ABOUT THIS TASK
Starting with the line that has "Our group decided" in the records below and ending with the line that has "So in later", output those lines exactly and nothing more; omit the pictures.

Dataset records
- Opening Delimiter -
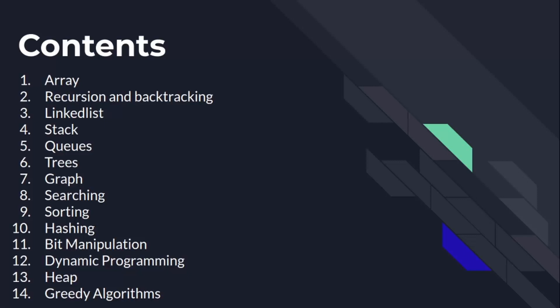After that, we will learn stacks. A stack is a container of objects that are inserted and removed according to last-in-first-out principle. There are various applications of this data structure. We use stack data structure to execute recursive programs. Another application is compiler syntax check for matching braces. And there are various other applications of stacks.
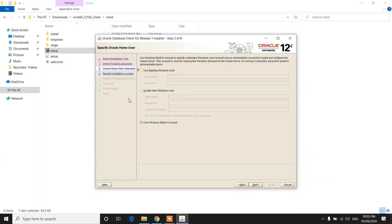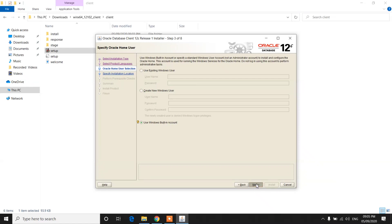Here, select your option: use an existing Windows user, create a new Windows user, or use the Windows built-in account. I am using the default built-in account option. Click on Next. Now it will ask for the installation location — I am leaving the default location.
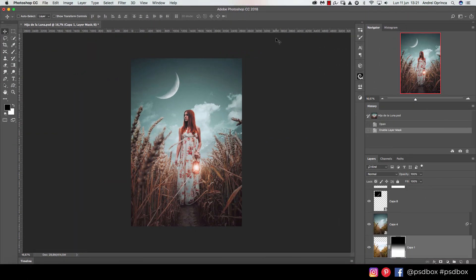Hello everybody, welcome to a new tutorial with PSD Box. My name is Andre and today I'm going to show you how I made this simple photo manipulation in Photoshop.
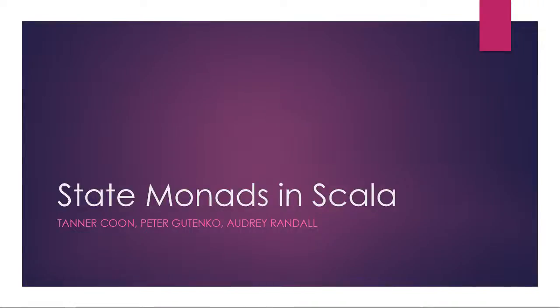Our group decided to tackle state monads in Scala. This is a pretty difficult concept to understand, but I hope by the end of this we will have a better grasp on exactly what they are and what they can do for us.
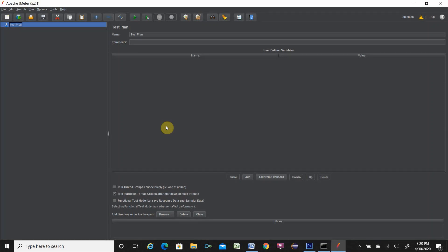So in later tutorial I will show you how to create a test plan, test case, and run the performance test. So this is for only the installation purpose, download and extract and installation purpose. If you like this video, please subscribe my channel. Also like and share my video. Thank you for watching.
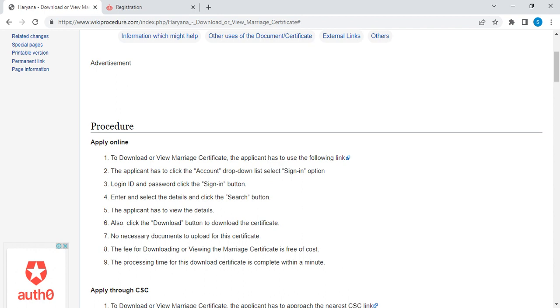After that, you have to click print to download your certificate. There are no necessary documents required for this certificate. Also, the fee for this certificate is free of cost, and the processing time takes up to 5 to 10 minutes.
- Closing Delimiter -
FINISHED TASK
Our group decided to tackle state monads in Scala. This is a pretty difficult concept to understand, but I hope by the end of this we will have a better grasp on exactly what they are and what they can do for us.
So in later tutorial I will show you how to create a test plan, test case, and run the performance test. So this is for only the installation purpose, download and extract and installation purpose. If you like this video, please subscribe my channel. Also like and share my video. Thank you for watching.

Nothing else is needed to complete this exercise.